One of those gunned down in the mayhem was a young man by the name of Jiang Jielian.
On the night of June 3, 1989, as the Chinese People’s Liberation Army began clearing the Square, Jiang ignored his mother’s pleas for him to stay home.
He struggled out of her arms, ran to the bathroom, locked the door behind him, climbed out of the window, and headed toward Tiananmen. Jiang was shot in the back.
The bullet pierced his heart and he bled to death.
Twenty-four hours earlier he had celebrated his 17th birthday.
To this day, the Chinese government has not acknowledged responsibility for the killing of unarmed citizens; nor has there been an official tally of how many perished in what Chinese media refer to as “the political turbulence of 1989."
Jiang Jielian’s mother, Ding Zilin, refuses to give up hope.
Her only child’s ashes rest in an alcove in the tiny apartment she shares with her husband.
The 71-year-old former professor is the driving force behind Tiananmen Mothers, an advocacy group that regularly petitions China’s leaders and members of parliament for an official apology and full inquiry into the shootings.

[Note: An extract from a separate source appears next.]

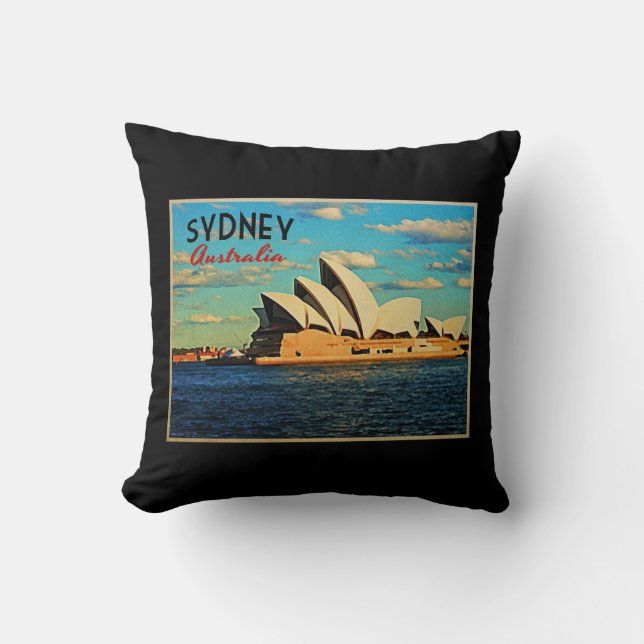 Sydney Australien Kissen (Vorderseite)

Ding’s persistence has made her a target of retaliation and intimidation.
Over the years, she has been subjected to constant surveillance, frequent house arrest, and occasional detention.
Last Wednesday, Tiananmen Mothers launched the group’s official websiteWeb Link.
The digital database includes a roster containing the names and bios of 188 known victims, a virtual monument in their honor, eyewitness accounts, and testimonials from members of the group on their long and tortuous ordeal.